[Records from a data collection]
◇ ◇ ◇ ◇ ◇
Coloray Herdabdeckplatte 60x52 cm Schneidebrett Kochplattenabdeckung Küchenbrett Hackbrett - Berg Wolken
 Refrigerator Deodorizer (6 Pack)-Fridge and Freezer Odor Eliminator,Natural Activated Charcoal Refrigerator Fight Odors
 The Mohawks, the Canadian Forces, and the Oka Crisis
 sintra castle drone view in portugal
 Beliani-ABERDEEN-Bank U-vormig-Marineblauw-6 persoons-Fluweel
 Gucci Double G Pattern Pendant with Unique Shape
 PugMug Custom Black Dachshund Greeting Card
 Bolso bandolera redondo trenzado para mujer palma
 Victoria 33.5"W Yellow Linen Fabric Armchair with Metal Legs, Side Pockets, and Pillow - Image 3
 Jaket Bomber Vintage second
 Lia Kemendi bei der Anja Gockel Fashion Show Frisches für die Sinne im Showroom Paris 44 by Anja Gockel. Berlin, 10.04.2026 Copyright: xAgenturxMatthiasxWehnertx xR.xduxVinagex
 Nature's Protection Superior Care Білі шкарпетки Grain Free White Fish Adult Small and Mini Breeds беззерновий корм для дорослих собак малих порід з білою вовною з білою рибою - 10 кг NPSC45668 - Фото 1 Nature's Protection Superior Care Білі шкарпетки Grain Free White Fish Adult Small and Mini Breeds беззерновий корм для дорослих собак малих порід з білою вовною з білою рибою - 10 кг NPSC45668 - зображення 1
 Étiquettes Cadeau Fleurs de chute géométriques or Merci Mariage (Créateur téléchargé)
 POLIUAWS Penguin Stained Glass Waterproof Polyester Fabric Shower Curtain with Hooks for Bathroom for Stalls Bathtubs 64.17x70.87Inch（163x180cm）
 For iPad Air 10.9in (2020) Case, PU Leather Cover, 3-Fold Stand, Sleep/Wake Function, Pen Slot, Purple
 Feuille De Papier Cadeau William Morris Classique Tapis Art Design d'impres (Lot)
◇ ◇ ◇ ◇ ◇
Work to be completed
Retype exactly, and only, the lines above from the one where "Pillow - Image 3" occurs up to and including the one where "Étiquettes Cadeau Fleurs" occurs.

Solution for this task
 Victoria 33.5"W Yellow Linen Fabric Armchair with Metal Legs, Side Pockets, and Pillow - Image 3
 Jaket Bomber Vintage second
 Lia Kemendi bei der Anja Gockel Fashion Show Frisches für die Sinne im Showroom Paris 44 by Anja Gockel. Berlin, 10.04.2026 Copyright: xAgenturxMatthiasxWehnertx xR.xduxVinagex
 Nature's Protection Superior Care Білі шкарпетки Grain Free White Fish Adult Small and Mini Breeds беззерновий корм для дорослих собак малих порід з білою вовною з білою рибою - 10 кг NPSC45668 - Фото 1 Nature's Protection Superior Care Білі шкарпетки Grain Free White Fish Adult Small and Mini Breeds беззерновий корм для дорослих собак малих порід з білою вовною з білою рибою - 10 кг NPSC45668 - зображення 1
 Étiquettes Cadeau Fleurs de chute géométriques or Merci Mariage (Créateur téléchargé)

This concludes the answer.